Los estudios informan que “los efectos del estrés crónico pueden verse agravados por una dieta rica. Cantidades excesivas de azúcares y alimentos refinados, por ejemplo, pueden disminuir la tiamina, niacina, B12, magnesio y calcio. Los niveles bajos de estos nutrientes aumentan la reactividad, la irritabilidad y el nerviosismo del sistema nervioso. Pero aún más grave es darse cuenta de que los malos hábitos alimenticios en general conducen a bajas concentraciones de nutrientes en la sangre, lo que puede afectar la función cerebral «. (6)

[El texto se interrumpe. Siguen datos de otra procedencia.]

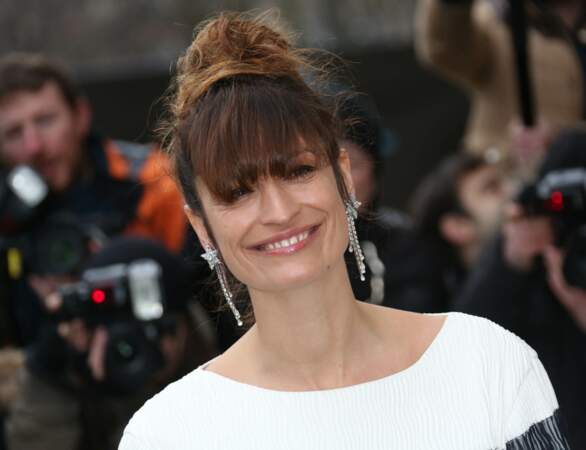 Le chignon haut avec frange signé Caroline de Maigret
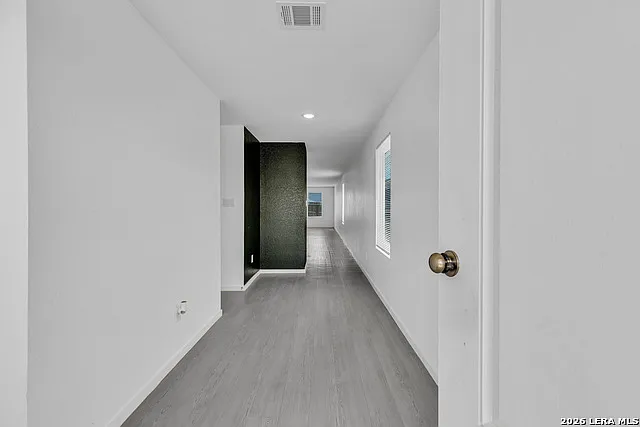 430 Sarah Way — Photo 3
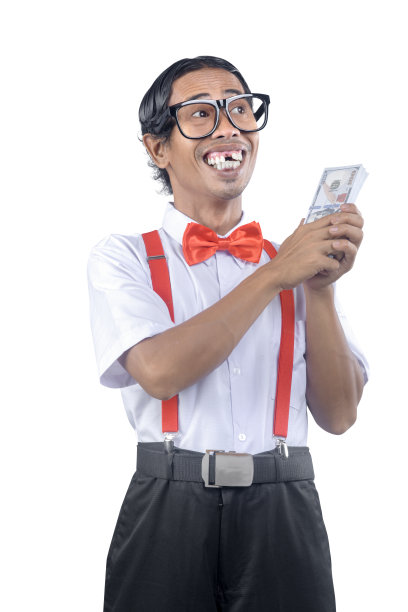 一脸丑陋拿着钱的亚洲书呆子图片下载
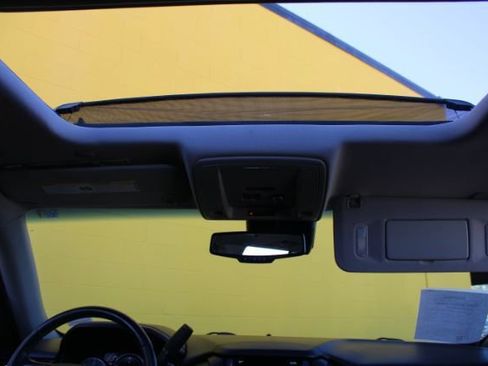 Used 2016 Chevrolet Suburban LTZ image 15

Asegúrese de incluir minerales, vitaminas, proteínas, buenos ácidos grasos y carbohidratos de calidad, proteínas y grasas para obtener energía.

Regla 3: Evite los alimentos procesados ​​y poco saludables a toda costa

Los peores infractores son el café, el alcohol, las bebidas azucaradas y los alimentos fritos. Si bien estos alimentos pueden ser tentadores cuando está estresado, sin duda serán contraproducentes y causarán más estrés a su cuerpo a largo plazo.

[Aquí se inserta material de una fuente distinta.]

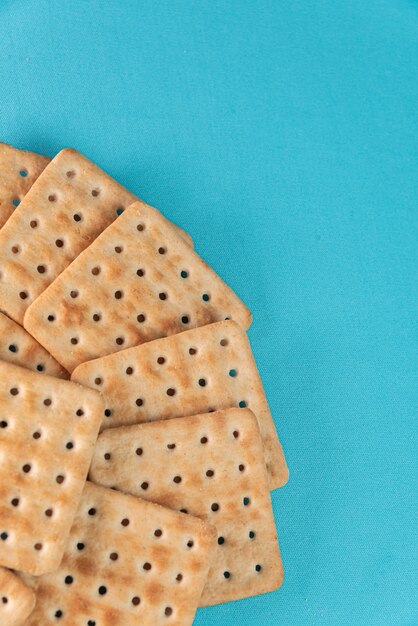 Cracker al sale sullo sfondo blu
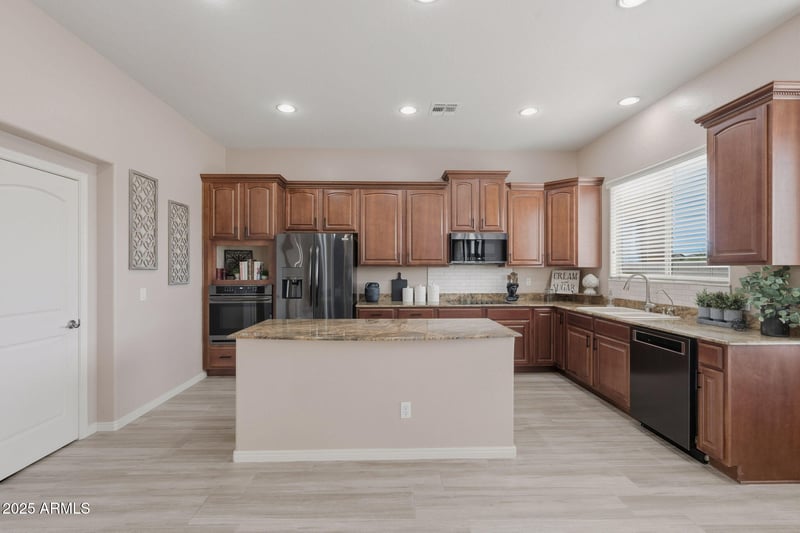 31626 21st Ln, Phoenix, AZ 85085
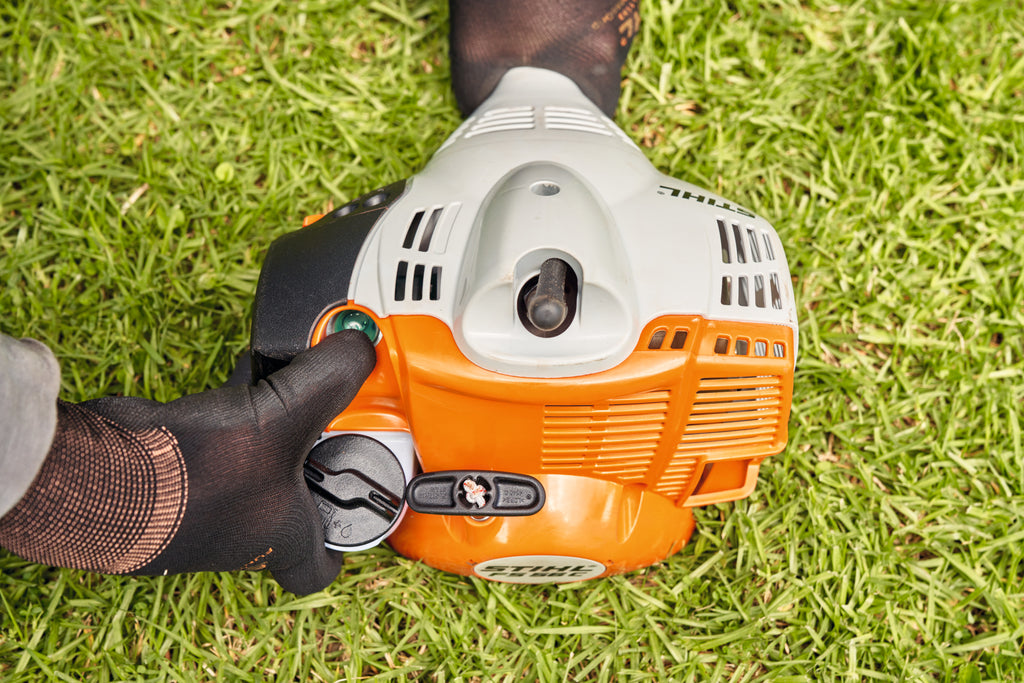 Stihl FS 56 C-E Straight Shaft Trimmer | Bike Handle | 27.2cc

Café: La cafeína en el café puede aumentar los niveles de adrenalina. Cuando está estresado, su cuerpo ya está produciendo adrenalina, por lo que agregar más puede sobreestimularlo y, en última instancia, causar más estrés. (7)

Alcohol: El alcohol es una solución muy tentadora cuando se está estresado. Si bien puede parecer que puede relajarlo, los efectos son temporales. A largo plazo, el consumo de alcohol puede agravar el estrés y prolongar la recuperación de un factor estresante según los estudios. (8)

Bebidas azucaradas: Las bebidas dulces suelen estar llenas de edulcorantes artificiales que pueden ser dañinos para su cuerpo. Las bebidas que usan azúcar o jarabe de maíz con alto contenido de fructosa también pueden causar aumento de peso, lo que puede resultar en más estrés. Los picos de azúcar también pueden afectar su estado de ánimo, los niveles de glucosa en sangre y la salud. (9)

Comida frita: Los alimentos fritos están llenos de grasas trans que están relacionadas con numerosos problemas de salud, incluido el cáncer. Cuando esté estresado, anhelará este tipo de alimentos, como rosquillas, papas fritas, etc., pero sepa que solo aumentarán sus niveles de estrés físico y mental. Pueden provocar aumento de peso e inflamación y enfermedades crónicas y, en última instancia, más estrés. (10) ¡Solo di no a la comida frita!

Lo que come no es el único comportamiento relacionado con el estrés que puede aumentar de peso. La falta de sueño y ejercicio también es un factor importante. Y, por supuesto, si bebe alcohol, las calorías adicionales pueden generar kilos de más rápidamente. Pero si sigue una dieta saludable y hace ejercicio con regularidad, estará mucho mejor preparado para enfrentar cualquier factor de estrés que se le presente.